450um terahertz waves at room temperature: one solid laser
To achieve this breakthrough, the company has developed a long-wavelength mid-infrared quantum cascade laser, in which it designed the laser structure based on research and analysis results of the terahertz wave generation principle. Terahertz waves are electromagnetic waves near 300 μm that correspond to a frequency of 1 THz. The shorter-wavelength terahertz waves overlap with far-infrared light and the longer-wavelength waves overlap with millimeter waves. Terahertz waves have intermediate characteristics between those of light and radio waves, and the bandwidth at wavelengths longer than 300 μm and frequencies lower than 1 THz is called the sub-terahertz range.
Last year, Hamamatsu Photonics developed a “terahertz nonlinear quantum cascade laser (QCL) that uses a unique anti-crossed dual-upper-state design (AnticrossDAU). This QCL produces two mid-infrared rays at different wavelengths within a range from 6 to 11μm from a single semiconductor device and induces a nonlinear optical effect inside the device. The QCL in this way serves as a single compact semiconductor laser that operates at room temperature and generates terahertz waves up to a wavelength of 150μm. To generate electromagnetic waves at even longer wavelengths in the sub-terahertz range, it is essential to produce and output two mid-infrared light rays at longer wavelength but this has been extremely difficult to achieve since the longer wavelength light is likely to be absorbed within the device.

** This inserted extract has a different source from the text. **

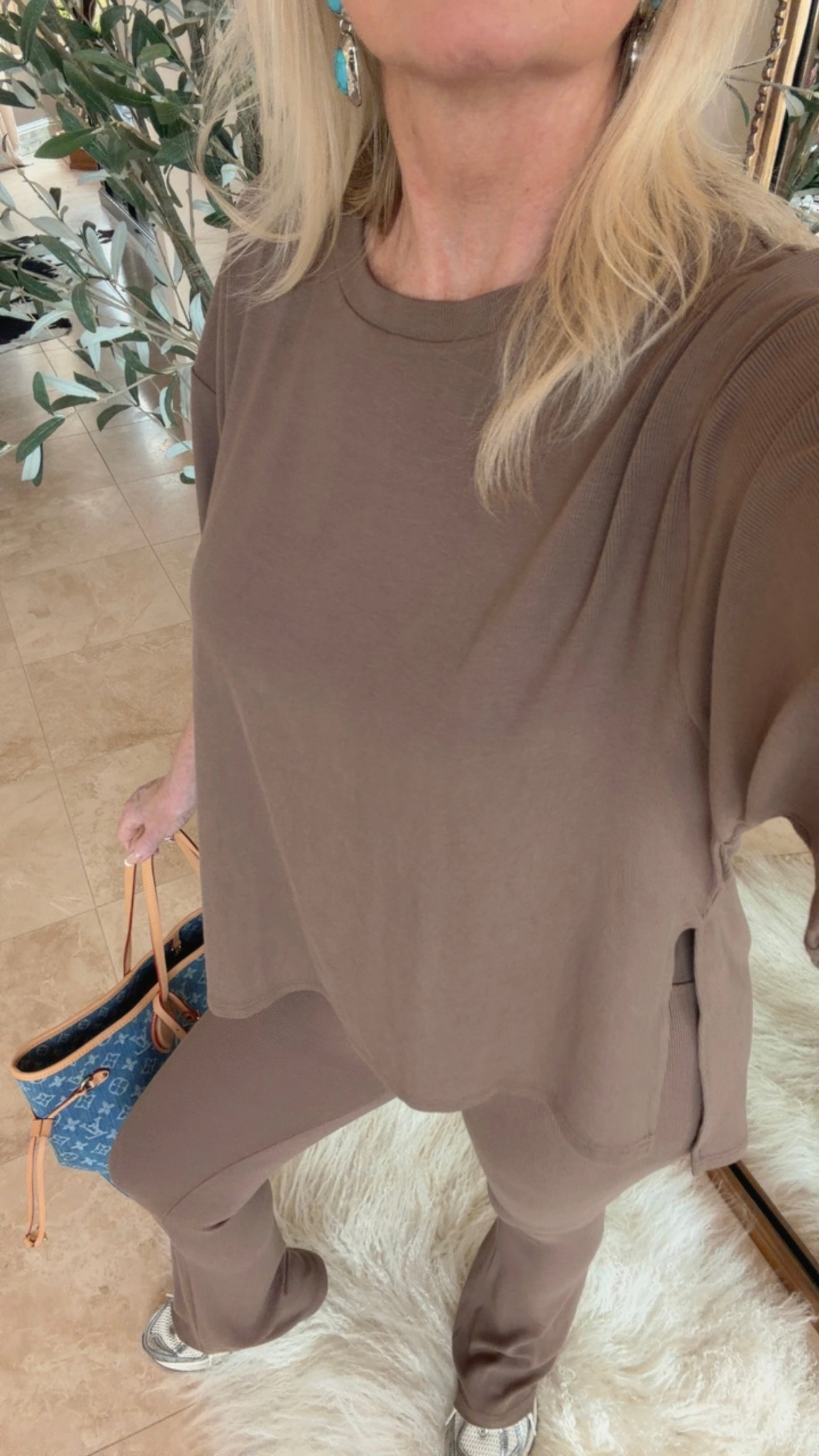 NEW!! All Weekend Long Pant Set in Taupe Brown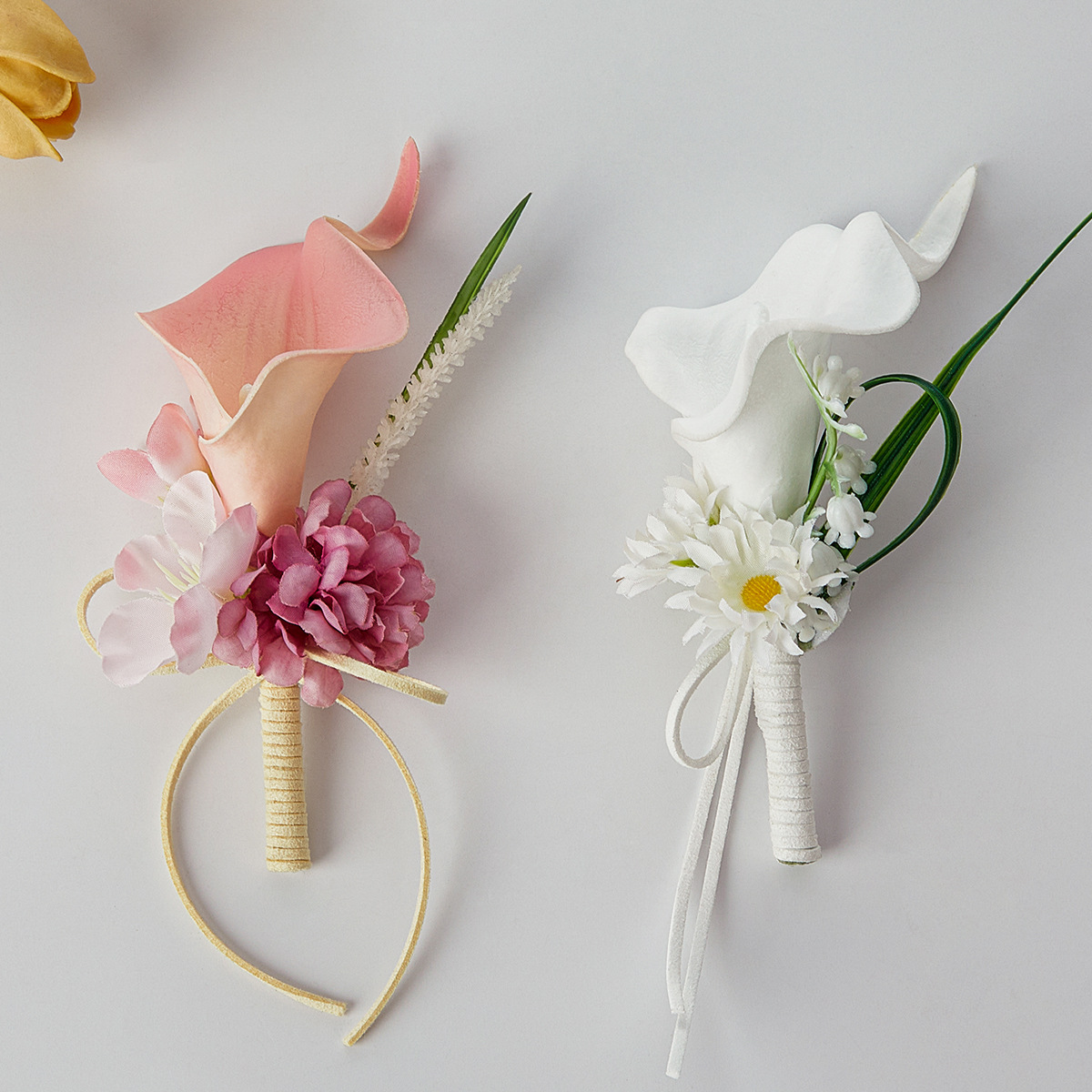 コサージュ 上品な花束風手首飾り優雅なゲスト用装身具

Through this research, the company investigated the characteristics of many QCLs to clarify wavelength conversion process in a terahertz nonlinear QCL and found that it could apply the theory of a nonlinear optical effect, called coherent optical rectification, which had not been evaluated before. By applying this theory to the wavelength conversion mechanism using the nonlinear optical effect, the researchers optimized the anti-crossed dual-upper-state design to suppress the unwanted absorption of light inside the device, thus allowing output of the two mid-infrared light rays at longer wavelengths up to 13 to 14μm while increasing the wavelength conversion efficiency. In this way, they succeeded in outputting terahertz waves at 450μm in the terahertz range, believed to be the world’s longest wavelength available from a single semiconductor laser operating at room temperature.
Results from this research will be useful in applications such as quality testing and non-destructive inspection of drugs and foods containing components that absorb electromagnetic waves in the sub-terahertz range as well as submillimeter astronomy and high-speed and high-capacity communication over short distances.